The application for temporary approval and attached exhibits, filed by General Movers with the Commission on April 17, 1964, state that the need for temporary control is based on a critical financial condition and vendor’s need for management. It was stated that Mr. D. C. Taylor, president and general manager of Martin Van Lines, Inc., died in May 1963 and that Mrs. Edna Yiars, a vice president, who assumed management of the corporation, was forced to quit her position in March of 1964 on account of motherhood, leaving the business without any policy level management. The corporation is wholly owned by two widows, neither of whom have any managerial experience in the business. General Movers Corporation proposes to purchase all of the outstanding stock of Martin Van Lines.

To our knowledge, the issue presented herein is one of first impression, even though Section 210a(b) was enacted in 1938 and, as plaintiff’s counsel conceded, has been consistently construed by the Commission to include stock acquisitions. The purpose of Section 210a(b), as clearly expressed therein, is to preserve the usefulness of motor carrier properties in the performance of service to the public. Mismanagement and financial difficulties could dissipate the equipment, resources, and business of a motor carrier before the Section 5 petition for its acquisition could be acted upon. Such temporary *467protection of the acquired company inspired the recommendation of Section 210a(b) by the National Association of Motor Bus Operators during the 1938 legislative hearings. Hearings before a Subcommittee of the House Committee on Interstate and Foreign Commerce on H. R. 9739, 75th Cong., 3d Sess., pp. 99-100 (1938); and see Hearings before a Subcommittee of the Senate Committee on Interstate Commerce, 75th Cong., 3d Sess., pp. 189-90 (1938). The House committee reported Section 210a (b) with the following comment:

“The amendment which proposes the addition of a new subsection [210 a(b)] to section 9 of the bill would permit the Commission to approve temporarily the operation of the properties of one motor carrier by another in a case where an application for approval of the acquisition is pending, and where the delay in passing on the application might result in injury to the motor carrier operations or the cessation of service.” H. Rep. 2714, 75th Cong., 3d Sess., p. 5.

The statute must be construed in such a way as to effectuate its basic purpose, namely, the protection of the operations and service of the acquired corporation. It does not appear that the corporation whose stock is purchased is thereby in less need of interim protection than the carrier whose assets are purchased directly.

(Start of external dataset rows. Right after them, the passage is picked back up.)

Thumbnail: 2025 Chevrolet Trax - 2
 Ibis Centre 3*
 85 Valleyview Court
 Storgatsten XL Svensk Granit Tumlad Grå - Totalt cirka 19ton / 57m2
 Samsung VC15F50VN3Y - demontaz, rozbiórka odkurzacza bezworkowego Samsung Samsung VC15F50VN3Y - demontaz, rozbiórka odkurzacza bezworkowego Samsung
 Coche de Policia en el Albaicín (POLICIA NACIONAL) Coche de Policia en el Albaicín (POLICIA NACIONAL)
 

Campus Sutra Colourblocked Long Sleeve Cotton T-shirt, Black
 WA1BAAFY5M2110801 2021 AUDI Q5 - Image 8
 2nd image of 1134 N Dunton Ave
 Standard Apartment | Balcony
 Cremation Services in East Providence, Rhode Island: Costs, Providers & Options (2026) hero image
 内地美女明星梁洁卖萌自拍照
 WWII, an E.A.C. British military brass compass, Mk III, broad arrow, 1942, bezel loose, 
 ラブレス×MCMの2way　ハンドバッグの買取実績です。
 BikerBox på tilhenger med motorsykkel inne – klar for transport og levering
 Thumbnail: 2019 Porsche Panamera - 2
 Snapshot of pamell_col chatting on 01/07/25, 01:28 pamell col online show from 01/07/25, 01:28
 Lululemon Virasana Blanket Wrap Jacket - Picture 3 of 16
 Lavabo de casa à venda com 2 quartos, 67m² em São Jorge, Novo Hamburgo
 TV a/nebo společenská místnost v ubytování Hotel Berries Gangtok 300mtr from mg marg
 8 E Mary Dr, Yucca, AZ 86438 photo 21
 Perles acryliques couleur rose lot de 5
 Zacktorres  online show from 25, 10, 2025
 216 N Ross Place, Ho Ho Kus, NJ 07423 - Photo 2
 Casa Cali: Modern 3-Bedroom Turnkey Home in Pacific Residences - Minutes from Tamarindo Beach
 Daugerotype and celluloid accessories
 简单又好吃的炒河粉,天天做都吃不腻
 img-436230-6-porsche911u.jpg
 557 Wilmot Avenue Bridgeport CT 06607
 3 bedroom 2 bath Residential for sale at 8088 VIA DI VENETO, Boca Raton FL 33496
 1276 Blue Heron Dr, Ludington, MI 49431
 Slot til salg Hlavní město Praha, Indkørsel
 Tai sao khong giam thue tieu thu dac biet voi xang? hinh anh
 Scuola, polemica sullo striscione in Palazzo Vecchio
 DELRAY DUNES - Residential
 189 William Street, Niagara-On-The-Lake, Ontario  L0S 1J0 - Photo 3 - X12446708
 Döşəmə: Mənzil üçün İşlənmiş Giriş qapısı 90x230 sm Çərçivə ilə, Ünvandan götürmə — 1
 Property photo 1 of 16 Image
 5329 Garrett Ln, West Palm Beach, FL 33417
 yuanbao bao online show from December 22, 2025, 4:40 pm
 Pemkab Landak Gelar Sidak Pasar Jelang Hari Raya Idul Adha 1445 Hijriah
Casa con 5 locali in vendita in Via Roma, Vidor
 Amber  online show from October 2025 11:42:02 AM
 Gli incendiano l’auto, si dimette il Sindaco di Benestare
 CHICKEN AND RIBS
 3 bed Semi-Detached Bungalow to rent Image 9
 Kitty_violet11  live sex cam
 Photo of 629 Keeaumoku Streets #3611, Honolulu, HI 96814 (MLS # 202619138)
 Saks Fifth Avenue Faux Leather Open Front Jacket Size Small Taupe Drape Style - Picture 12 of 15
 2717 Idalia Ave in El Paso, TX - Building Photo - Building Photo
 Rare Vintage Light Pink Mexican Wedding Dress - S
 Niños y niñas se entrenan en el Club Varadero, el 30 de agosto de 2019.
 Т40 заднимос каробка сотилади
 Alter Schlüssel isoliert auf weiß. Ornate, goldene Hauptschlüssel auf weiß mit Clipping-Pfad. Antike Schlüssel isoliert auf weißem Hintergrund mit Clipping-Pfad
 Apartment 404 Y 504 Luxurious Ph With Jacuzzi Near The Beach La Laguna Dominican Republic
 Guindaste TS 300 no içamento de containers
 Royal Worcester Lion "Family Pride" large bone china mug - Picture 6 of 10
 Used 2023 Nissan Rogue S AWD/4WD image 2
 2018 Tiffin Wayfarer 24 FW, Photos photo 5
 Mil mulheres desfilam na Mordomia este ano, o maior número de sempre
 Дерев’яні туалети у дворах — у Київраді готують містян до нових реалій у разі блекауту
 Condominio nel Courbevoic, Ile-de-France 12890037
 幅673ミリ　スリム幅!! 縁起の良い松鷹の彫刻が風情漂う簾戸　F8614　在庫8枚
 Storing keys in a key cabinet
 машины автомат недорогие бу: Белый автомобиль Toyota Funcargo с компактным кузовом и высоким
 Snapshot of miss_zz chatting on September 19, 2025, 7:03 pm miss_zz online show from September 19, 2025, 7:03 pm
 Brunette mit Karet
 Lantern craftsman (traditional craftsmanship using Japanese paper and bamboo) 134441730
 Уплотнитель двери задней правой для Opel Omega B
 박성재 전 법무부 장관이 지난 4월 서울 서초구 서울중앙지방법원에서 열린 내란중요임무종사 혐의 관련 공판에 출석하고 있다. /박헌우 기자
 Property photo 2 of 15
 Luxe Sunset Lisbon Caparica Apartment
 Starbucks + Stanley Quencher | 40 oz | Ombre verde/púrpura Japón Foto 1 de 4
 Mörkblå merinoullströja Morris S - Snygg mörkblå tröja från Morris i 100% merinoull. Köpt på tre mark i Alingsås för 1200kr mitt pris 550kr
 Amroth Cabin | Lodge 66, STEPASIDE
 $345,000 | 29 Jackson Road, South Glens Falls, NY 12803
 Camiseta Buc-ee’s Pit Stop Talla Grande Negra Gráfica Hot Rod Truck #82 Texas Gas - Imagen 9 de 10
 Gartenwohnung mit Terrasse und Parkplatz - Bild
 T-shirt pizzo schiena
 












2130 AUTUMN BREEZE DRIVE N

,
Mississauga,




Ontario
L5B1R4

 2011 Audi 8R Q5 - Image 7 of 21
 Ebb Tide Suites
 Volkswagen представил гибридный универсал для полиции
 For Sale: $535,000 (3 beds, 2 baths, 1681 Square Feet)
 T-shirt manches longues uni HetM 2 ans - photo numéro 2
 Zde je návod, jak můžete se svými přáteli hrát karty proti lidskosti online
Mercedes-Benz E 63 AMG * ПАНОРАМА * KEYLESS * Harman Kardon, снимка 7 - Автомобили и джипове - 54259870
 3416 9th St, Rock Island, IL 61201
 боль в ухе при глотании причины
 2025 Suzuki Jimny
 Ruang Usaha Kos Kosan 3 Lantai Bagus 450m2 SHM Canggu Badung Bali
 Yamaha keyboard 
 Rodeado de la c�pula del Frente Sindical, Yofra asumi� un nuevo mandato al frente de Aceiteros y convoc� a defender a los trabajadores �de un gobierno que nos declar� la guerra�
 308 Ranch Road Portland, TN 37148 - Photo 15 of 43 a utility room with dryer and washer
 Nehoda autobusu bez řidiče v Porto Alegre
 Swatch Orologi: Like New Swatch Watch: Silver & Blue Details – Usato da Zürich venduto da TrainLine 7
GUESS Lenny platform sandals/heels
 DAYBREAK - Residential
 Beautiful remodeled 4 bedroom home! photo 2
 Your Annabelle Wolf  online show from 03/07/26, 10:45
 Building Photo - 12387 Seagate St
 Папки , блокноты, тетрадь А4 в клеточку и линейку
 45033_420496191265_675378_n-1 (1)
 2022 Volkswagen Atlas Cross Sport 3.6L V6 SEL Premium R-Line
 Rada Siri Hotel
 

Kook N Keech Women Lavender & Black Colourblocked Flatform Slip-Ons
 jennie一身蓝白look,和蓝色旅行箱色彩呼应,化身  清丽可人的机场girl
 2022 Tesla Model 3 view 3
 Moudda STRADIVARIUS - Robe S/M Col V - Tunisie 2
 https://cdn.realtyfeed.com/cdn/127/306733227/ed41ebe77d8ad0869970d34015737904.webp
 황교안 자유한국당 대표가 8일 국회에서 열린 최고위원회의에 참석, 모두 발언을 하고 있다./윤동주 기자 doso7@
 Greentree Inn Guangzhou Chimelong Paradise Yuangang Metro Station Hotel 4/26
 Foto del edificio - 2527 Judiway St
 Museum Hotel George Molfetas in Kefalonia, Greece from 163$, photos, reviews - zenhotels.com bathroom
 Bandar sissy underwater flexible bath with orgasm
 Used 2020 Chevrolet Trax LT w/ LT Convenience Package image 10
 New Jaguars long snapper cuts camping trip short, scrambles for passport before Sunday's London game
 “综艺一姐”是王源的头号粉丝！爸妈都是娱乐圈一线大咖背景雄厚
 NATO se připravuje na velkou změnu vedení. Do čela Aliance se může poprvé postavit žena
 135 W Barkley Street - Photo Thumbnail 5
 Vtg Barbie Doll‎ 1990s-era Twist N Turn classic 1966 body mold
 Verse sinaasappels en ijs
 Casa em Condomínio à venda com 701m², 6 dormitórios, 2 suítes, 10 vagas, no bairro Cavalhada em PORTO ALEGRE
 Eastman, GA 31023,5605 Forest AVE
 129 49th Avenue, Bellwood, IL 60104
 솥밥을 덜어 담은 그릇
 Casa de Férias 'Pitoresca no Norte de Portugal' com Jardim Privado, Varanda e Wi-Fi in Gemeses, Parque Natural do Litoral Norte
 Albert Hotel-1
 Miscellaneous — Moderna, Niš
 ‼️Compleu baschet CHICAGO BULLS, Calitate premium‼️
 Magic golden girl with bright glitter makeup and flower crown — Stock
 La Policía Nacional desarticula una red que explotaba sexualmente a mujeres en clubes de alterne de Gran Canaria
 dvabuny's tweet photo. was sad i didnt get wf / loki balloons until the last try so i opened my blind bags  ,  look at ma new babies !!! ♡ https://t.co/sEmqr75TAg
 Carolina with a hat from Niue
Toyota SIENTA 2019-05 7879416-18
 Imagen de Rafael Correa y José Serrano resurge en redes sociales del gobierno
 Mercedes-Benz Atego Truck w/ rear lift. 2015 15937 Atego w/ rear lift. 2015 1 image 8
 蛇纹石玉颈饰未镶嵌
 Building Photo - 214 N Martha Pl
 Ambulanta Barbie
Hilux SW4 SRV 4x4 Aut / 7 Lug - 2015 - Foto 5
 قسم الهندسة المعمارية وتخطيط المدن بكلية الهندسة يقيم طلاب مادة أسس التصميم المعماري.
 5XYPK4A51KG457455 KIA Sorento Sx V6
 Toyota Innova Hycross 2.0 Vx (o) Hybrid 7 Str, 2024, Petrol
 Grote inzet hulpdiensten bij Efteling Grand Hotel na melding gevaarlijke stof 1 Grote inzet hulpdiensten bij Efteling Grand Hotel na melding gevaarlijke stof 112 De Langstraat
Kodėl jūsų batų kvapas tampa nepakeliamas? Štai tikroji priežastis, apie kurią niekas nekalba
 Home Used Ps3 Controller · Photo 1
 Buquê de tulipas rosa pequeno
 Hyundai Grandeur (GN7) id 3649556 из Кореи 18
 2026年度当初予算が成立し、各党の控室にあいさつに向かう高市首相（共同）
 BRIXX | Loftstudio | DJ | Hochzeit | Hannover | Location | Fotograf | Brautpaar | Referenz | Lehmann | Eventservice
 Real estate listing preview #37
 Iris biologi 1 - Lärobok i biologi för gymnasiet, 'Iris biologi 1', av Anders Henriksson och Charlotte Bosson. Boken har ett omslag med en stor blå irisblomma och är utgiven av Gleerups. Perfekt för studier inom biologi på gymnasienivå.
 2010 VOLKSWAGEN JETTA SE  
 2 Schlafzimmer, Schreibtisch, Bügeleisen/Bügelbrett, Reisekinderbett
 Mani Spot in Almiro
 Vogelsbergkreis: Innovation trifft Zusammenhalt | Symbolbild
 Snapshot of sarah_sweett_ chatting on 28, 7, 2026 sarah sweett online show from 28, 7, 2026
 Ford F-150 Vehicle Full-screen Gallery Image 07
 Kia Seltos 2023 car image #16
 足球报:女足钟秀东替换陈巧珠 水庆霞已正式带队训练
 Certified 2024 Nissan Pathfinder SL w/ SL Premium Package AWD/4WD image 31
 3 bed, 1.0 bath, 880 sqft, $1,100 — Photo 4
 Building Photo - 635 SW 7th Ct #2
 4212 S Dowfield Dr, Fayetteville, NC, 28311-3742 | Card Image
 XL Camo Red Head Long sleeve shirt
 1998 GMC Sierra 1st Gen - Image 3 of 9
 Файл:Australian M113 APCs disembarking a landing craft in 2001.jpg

Nothing has been presented which would indicate such an understanding by Congress. Control of a floundering carrier’s assets is transferred as effectively through the sale of stock as through sale of physical properties, and the choice of method is unrelated to the congressional purpose of Section 210a (b).

In effectuating the statutory purpose, the Commission has treated stock and asset acquisition alike for many years. Ruan Transportation Corp. — Control — Union Service Co., 57 M.C.C. 421 (1951); Elliott — Control—Elliott Delivery Service, Inc., 50 M.C.C. 562 (1948); Benton — Control—Contract Trucking Co., 40 M.C.C. 841 (1946). The construction placed on this statute by such an independent administrative agency as the Interstate Commerce Commission is not controlling, but deserves great weight. Levinson v. Spector Motor Service, 330 U.S. 649, 672, 67 S.Ct. 931, 943, 91 L.Ed. 1158 (1947); United States v. Jackson, 280 U.S. 183, 193, 50 S.Ct. 143, 146, 74 L.Ed. 361 (1930). We believe a different construction would contravene the basic purpose of Section 210 a(b), as declared therein.

Accordingly, the petition of plaintiff, filed August 24, 1964, for a decree enjoining and setting aside the orders of the Interstate Commerce Commission is hereby denied and the petition is dismissed.